Work instructions
Repeat every line of the listing below exactly, minus the pictures.

### Source data

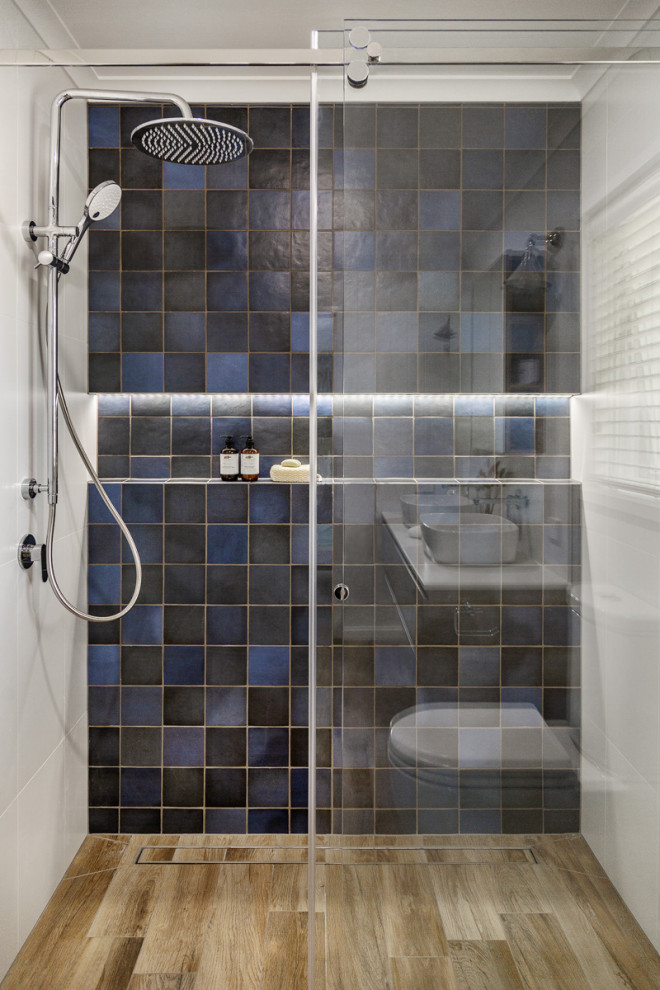 Idées déco pour une salle de bain contemporaine avec un carrelage bleu, un mur bleu, un sol en carrelage de céramique et une cabine de douche à porte coulissante.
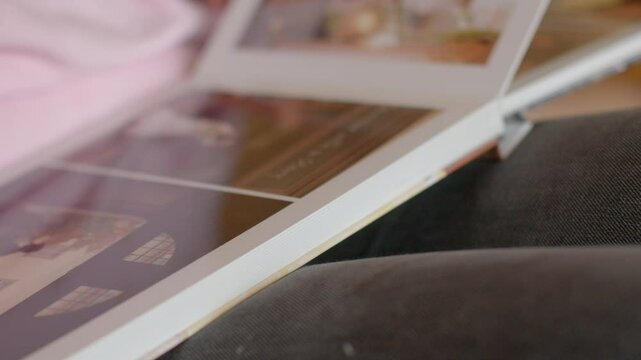 hard pages wedding photo book An incredibly touching moment was beautifully captured as someone gently flips through a cherished family photo album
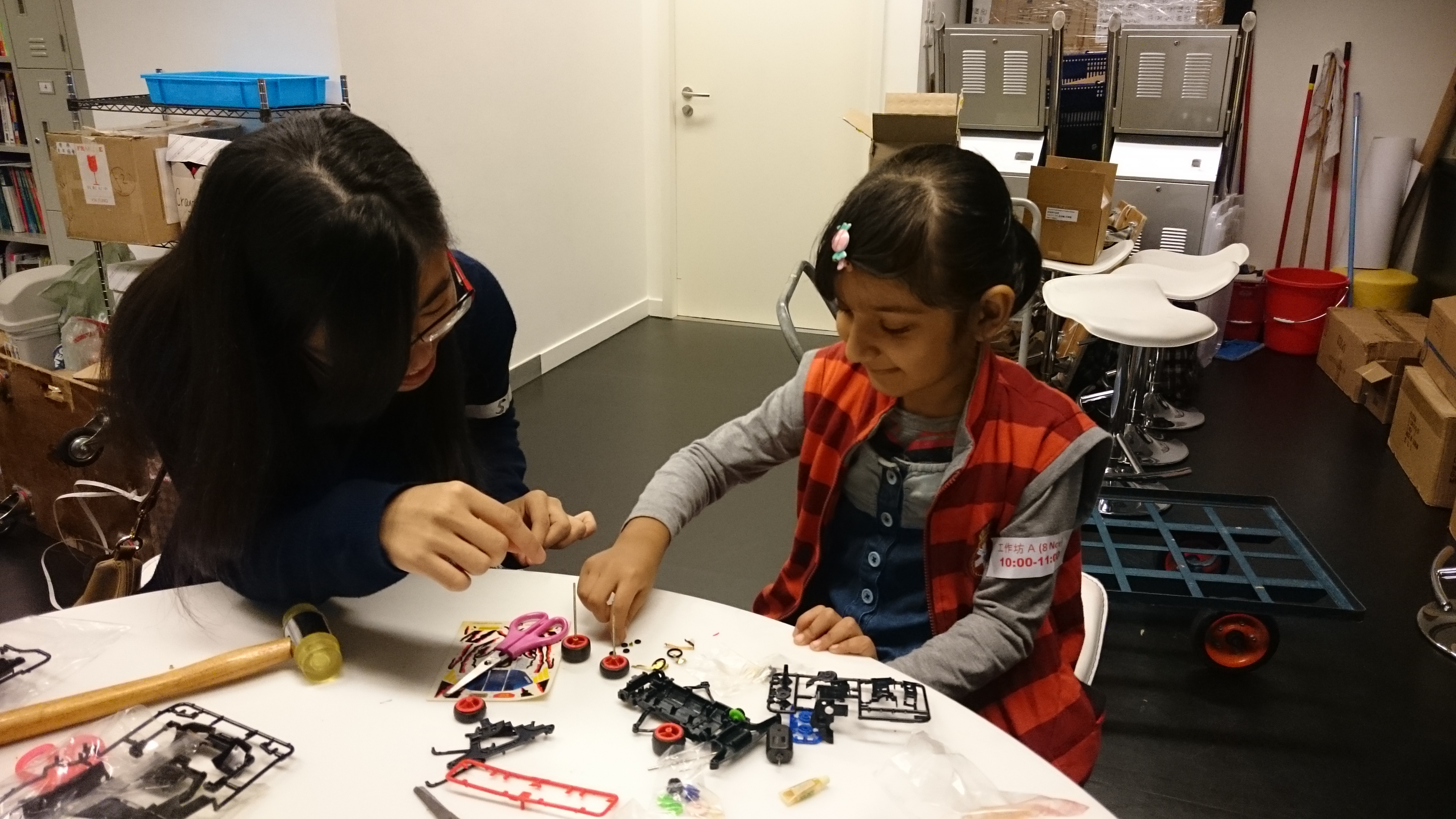Volunteers teaching a kid to make a car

######

Response to the task
 Idées déco pour une salle de bain contemporaine avec un carrelage bleu, un mur bleu, un sol en carrelage de céramique et une cabine de douche à porte coulissante.
 hard pages wedding photo book An incredibly touching moment was beautifully captured as someone gently flips through a cherished family photo album
Volunteers teaching a kid to make a car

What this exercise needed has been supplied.